Anybody have thoughts on the minimum PWM dimming frequency an LED light needs to have to avoid on camera flickering? I've heard answers ranging from 1000 to 3000 as well as 20 times the frame rate.

The question is in regards to the Martin rush par which has a PWM frequency of 2000 hz. Using a flicker calculator on David Satz dot com it seems I would get a flicker of 0.01 of an F-stop. I am not sure that difference would be perceptible on camera but it seems like it could appear as a soft pulsing. Chauvet seems to use 600hz.
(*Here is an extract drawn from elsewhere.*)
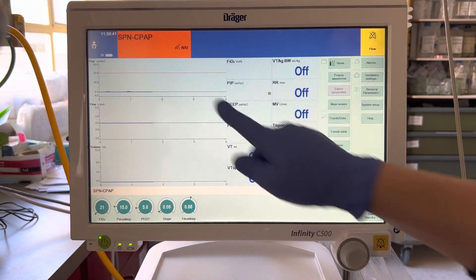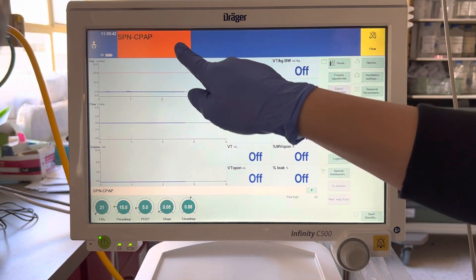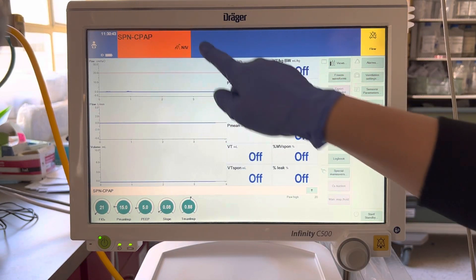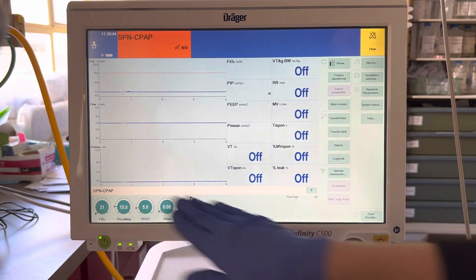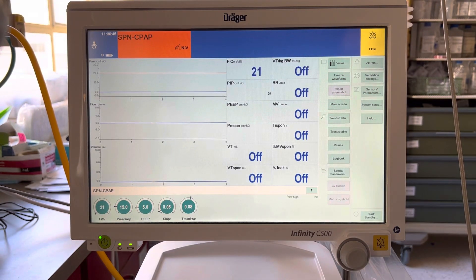Now you're in CPAP mode — you can see CPAP displayed in orange along with all your settings. That's it.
Some older Elation fixtures measured at 300 hz but newer ones are probably hight

Cameras are at a 180 degree shutter, 1/60th frame rate and 30 FPS.


----------



## Ford (Sep 9, 2017)

Usually, you want to be at a multiple of 50 and 60. This is not true of every camera, but is true for the majority. 
However, every camera is different, so having variable PWM allows you to adjust to your camera, instead of adjusting your camera to your lights. 

Finally, the higher the PWM, typically the worse your dimming performance is. So, just turning them all up to 25khz may be good on camera, but not great for your live audience.


----------